-------- Extracted material

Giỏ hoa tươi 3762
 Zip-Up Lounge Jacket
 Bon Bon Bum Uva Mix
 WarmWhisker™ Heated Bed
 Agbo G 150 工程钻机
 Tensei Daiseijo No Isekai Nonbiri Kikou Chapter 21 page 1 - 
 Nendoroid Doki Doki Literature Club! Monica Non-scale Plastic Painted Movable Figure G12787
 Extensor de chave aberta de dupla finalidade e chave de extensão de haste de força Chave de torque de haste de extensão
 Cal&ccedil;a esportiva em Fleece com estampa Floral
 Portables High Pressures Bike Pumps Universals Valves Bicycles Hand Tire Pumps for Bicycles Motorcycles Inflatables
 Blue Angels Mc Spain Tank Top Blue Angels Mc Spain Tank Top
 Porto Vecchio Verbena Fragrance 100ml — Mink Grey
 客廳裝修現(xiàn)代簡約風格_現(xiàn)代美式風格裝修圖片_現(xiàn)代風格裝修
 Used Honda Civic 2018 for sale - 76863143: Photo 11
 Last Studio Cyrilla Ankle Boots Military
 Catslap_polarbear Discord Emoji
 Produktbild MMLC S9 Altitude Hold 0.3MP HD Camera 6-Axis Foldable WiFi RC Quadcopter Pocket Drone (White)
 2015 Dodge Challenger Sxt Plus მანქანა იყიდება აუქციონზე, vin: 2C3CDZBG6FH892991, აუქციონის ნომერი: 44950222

----------------

▸ **Exercise details**:
Every record above needs to be repeated word for word.

▸ **Solution for this problem**:
Giỏ hoa tươi 3762
 Zip-Up Lounge Jacket
 Bon Bon Bum Uva Mix
 WarmWhisker™ Heated Bed
 Agbo G 150 工程钻机
 Tensei Daiseijo No Isekai Nonbiri Kikou Chapter 21 page 1 - 
 Nendoroid Doki Doki Literature Club! Monica Non-scale Plastic Painted Movable Figure G12787
 Extensor de chave aberta de dupla finalidade e chave de extensão de haste de força Chave de torque de haste de extensão
 Cal&ccedil;a esportiva em Fleece com estampa Floral
 Portables High Pressures Bike Pumps Universals Valves Bicycles Hand Tire Pumps for Bicycles Motorcycles Inflatables
 Blue Angels Mc Spain Tank Top Blue Angels Mc Spain Tank Top
 Porto Vecchio Verbena Fragrance 100ml — Mink Grey
 客廳裝修現(xiàn)代簡約風格_現(xiàn)代美式風格裝修圖片_現(xiàn)代風格裝修
 Used Honda Civic 2018 for sale - 76863143: Photo 11
 Last Studio Cyrilla Ankle Boots Military
 Catslap_polarbear Discord Emoji
 Produktbild MMLC S9 Altitude Hold 0.3MP HD Camera 6-Axis Foldable WiFi RC Quadcopter Pocket Drone (White)
 2015 Dodge Challenger Sxt Plus მანქანა იყიდება აუქციონზე, vin: 2C3CDZBG6FH892991, აუქციონის ნომერი: 44950222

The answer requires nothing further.